|
Le bandiere nere di Goletta
fanno bene
Stop importante alla voglia di cemento sui lidi comacchiesi
Tre anni fa Legambiente decise di conferire la Bandiera Nera di Goletta
Verde all’Immobiliare Medusa per il progetto di realizzazione del Villaggio
Medusa a Porto Garibaldi (FE). Si trattatava di un progetto per costruire
2500 posti letto nei quasi 40 ettari di una delle ultime aree rimaste libere
nella zona compresa fra Ravenna e il Delta del Po, nel territorio del Comune
di Comacchio. Il titolare della ditta (già noto per aver costruito
e venduto buona parte delle seconde case realizzate recentemente nei lidi
comacchiesi) e alcuni dei suoi consiglieri sembrano aver "preso
atto" che l’intervento proposto era sbagliato sul piano paesaggistico
e anche su quello economico. Con lui, anche una parte del mondo politico-istituzionale
locale ha fatto un bagno di realtà e ha preso atto che i villaggi
fanno parte di una tipologia di vacanza che non incontra più il
favore dei turisti.

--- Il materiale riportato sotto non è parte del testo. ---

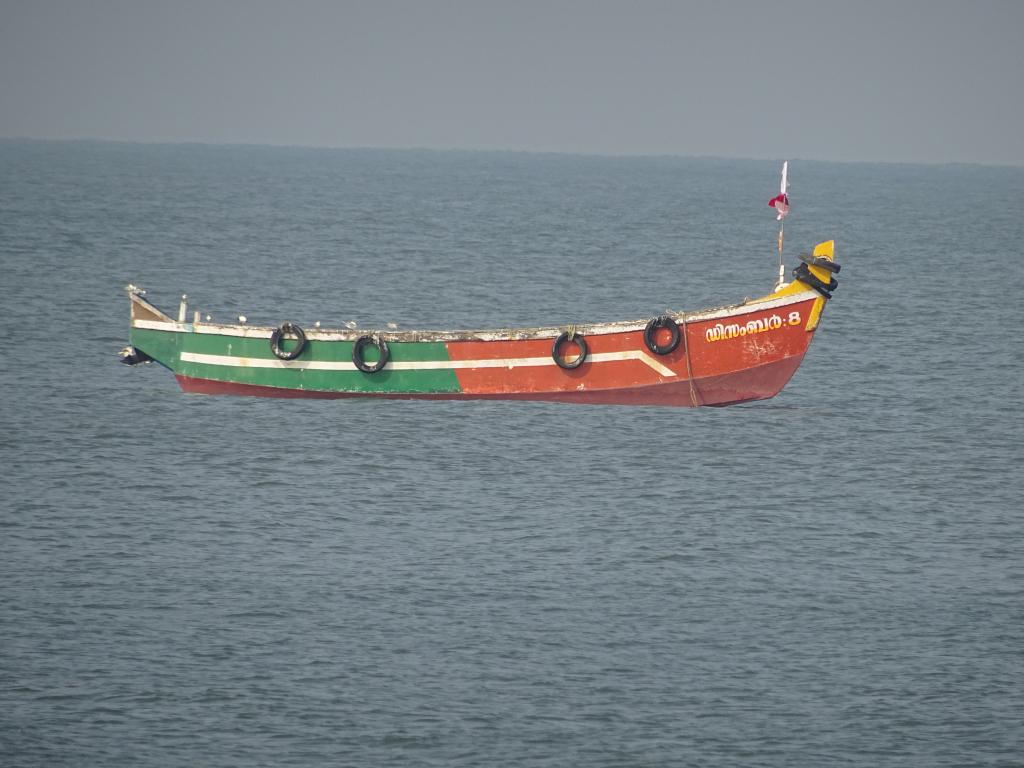 Fishing boat at Thumboli Beach, GEO coded photos, Near by attractions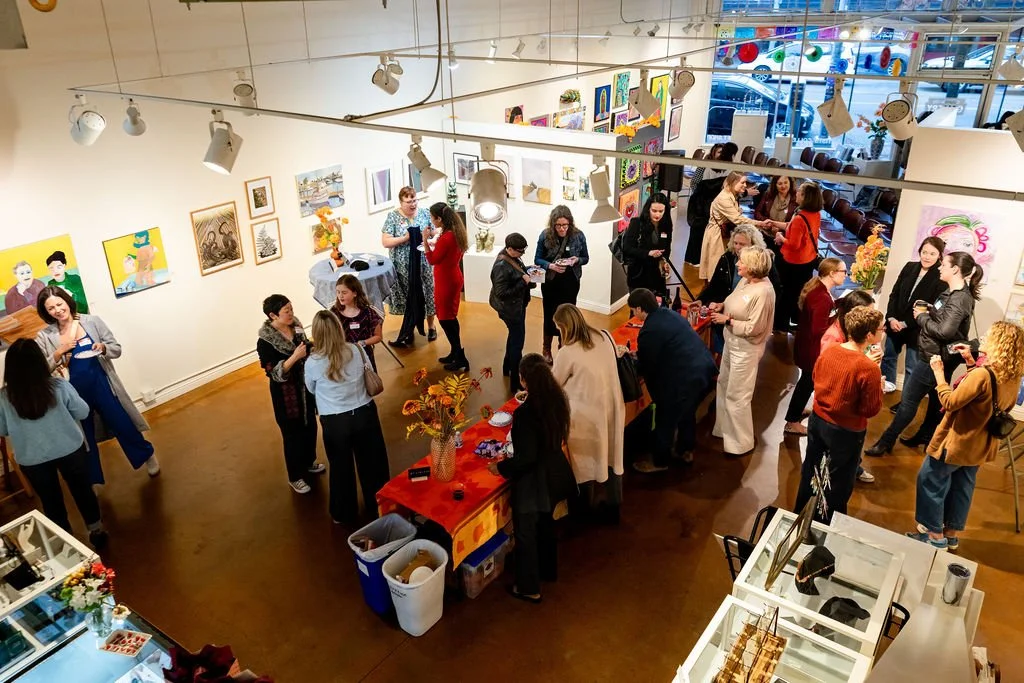 Aerial view of the pre-event networking for Poppy Candid at Columbia City Gallery.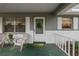 Inviting front porch with cozy seating, decorative touches, and a welcoming entrance at 8533 Sw 93Rd Pl # C, Ocala, FL 34481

Villaggi turistici e anche seconde case sono infatti
in caduta libera sul mercato turistico e resistono soltanto come risposta
all’esigenza di beni rifugio per capitali in fuga dai titoli di stato e
dal mercato finanziario, rappresentando però un peggioramento netto
dell’attrattiva delle destinazioni turistiche che cedono a queste pratiche,
tant’è che stanno aumentando anche in Italia le destinazioni locali
che cercano di frenare la corsa alla speculazione edilizia per non compromettere
il capitale naturale di cui dispongono.
"Credo che nessuno - ha dichiarato Luigi Rambelli, Presidente
di Legambiente Emilia-Romagna - possa disconoscere alla nostra associazione
il merito di aver visto, in questo caso, un po’ più lontano degli
altri. La scelta di Comune, Provincia e Parco del Delta del Po di mettere
la parola fine alla proposta del Villaggio Elisea è un fatto importante;
si pone nella logica del Piano Integrato delle Zone Costiere varato dalla
Regione Emilia-Romagna e dovrebbe servire anche per rafforzare un percorso
nuovo per i Lidi Comacchiesi, con la revisione globale della previsione
di nuovi insediamenti edilizi".
"Legambiente - ha aggiunto - ritiene di aver dimostrato
con i fatti la sua capacità di interpretare l’esigenza di tutelare
l’ambiente e la prospettiva economica di un’area che ha ancora molte risorse
importanti, come dimostra anche il nuovo successo della fiera internazionale
del birdwatching. Ora vigileremo per evitare possibili "colpi di coda".
Chiediamo di avviare una discussione sul futuro dell’interna area con Comune,
Provincia e Consiglio del Parco, siamo infatti convinti che il territorio
sia un capitale prezioso che non possa essere intaccato ulteriormente se
si vuole guardare al futuro sociale ed economico del Delta".